The next day we were greeted by Kamalesh Pandianathan, who looks after the quality of coffees at MSP Coffee plantations and a veritable treasure trove of coffee knowledge. We went off on a short hike and saw a few coffee workers waiting for us with large plastic bags. 

Pandianathan tells our intrepid group that we’re taking over from the coffee pickers for 15 minutes to see how many coffee cherries we can collect. The plastic bags were wrapped around us tightly to resemble a dhoti with a huge kangaroo-esque protrusion to collect the cherries. It seemed like a fun activity to do until we were told that the cherries would be sorted and weighed at the end. We jumped in with gusto and were already huffing in the end, only to realise that the coffee pickers work on the estate for eight hours every day doing the same job with more precision. 


Most of the cherries we collected didn’t even make it to the final stage because specialty coffee demands only the best red cherries, Asif M Salim, who heads green bean sourcing for Blue Tokai Coffee Roasters, informed us. It was the first time we realised the enormity of what happens at a coffee plantation. 


Pandianathan then took us through the coffee plantation that has been in existence since the 1920s and further explained the problems gnawing at coffee plantations. He listed out three big problems that every coffee farmer is currently facing that will need urgent intervention lest we start taking our morning cup of coffee for granted. 

The first is – no surprise – climate change. Coffee farmers are unable to predict the rainfall season accurately, leading to huge losses at times. One heavy spell of undue rains and coffee cherries will fall to the ground and dry up, making them unsuitable even for commercial coffee usage. 

The second big problem facing farmers is increased input costs, especially for fertilisers and equipment but mostly for hiring labour, which directly leads to the third biggest problem, which is that no one wants to do manual labour anymore, leading to higher wages and attrition that has left coffee farmers scratching their heads for a solution. 

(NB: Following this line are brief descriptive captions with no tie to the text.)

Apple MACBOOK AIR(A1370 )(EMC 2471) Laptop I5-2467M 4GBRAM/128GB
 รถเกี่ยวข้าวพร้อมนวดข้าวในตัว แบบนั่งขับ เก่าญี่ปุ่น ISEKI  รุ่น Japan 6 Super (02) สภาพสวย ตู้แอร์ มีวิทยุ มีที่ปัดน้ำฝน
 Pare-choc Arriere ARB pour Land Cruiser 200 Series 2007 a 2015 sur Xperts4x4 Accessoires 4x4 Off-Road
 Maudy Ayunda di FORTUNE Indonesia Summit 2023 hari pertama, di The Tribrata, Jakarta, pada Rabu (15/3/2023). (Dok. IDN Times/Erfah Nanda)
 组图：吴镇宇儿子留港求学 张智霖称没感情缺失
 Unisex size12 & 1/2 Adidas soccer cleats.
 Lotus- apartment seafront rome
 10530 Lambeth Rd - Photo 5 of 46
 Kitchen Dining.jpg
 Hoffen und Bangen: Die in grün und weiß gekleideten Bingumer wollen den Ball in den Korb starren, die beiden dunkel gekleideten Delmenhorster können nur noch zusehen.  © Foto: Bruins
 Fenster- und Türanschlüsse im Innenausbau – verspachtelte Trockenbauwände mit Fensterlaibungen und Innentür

When we drive down to the estate’s coffee plantation to witness how the cherries turn into green beans, we see the effects of all three problems all at once. Minutes after our arrival, workers scramble to cover coffee beans drying on raised beds as tiny raindrops start falling. A line forms outside a small administrative building where labourers collect their weekly wages. Salim looks up from the queue to the sky and informs us that sourcing green beans is getting more and more difficult with every passing year with no solution in sight. 

For our final coffee experience, the crew organises a coffee cupping session with different MSP Coffee blends. We sniff, taste and write down our observations in the closed environs at Heaven’s Ledge. Outside, the wind is beating hard and visibility and temperatures have dropped alarmingly. 


We conduct the cupping session in relative quiet with just a few a-ha moments from the group but most of us are furtively looking outside, taking in the cool weather while it lasts before we drive back to Bengaluru city’s heat but also acutely aware that this weather isn’t doing any favours to the coffee plants in Yercaud. We leave the cool weather behind before long but with the knowledge that our daily cup of coffee faces multiple threats and that we need to appreciate the entire chain from coffee estates to roasters much more than we currently do. A coffee plantation tour will do that to you too on your next visit, I can assure you. 

Blue Tokai Coffee Roasters organises a few coffee plantation tours every year across different estates. Keep an eye out on their social media pages and email newsletter to keep track of their upcoming tours. Alternately, you could also self-drive to Yercaud and book a stay at Heaven’s Ledge from where getting to MSP Coffee’s estates and coffee processing unit are a short drive away.  

The best time to visit would be between November to February during the harvest cycle. 

Prices start at INR 6160 per night including GST and an additional INR 2310 compulsory food package per adult.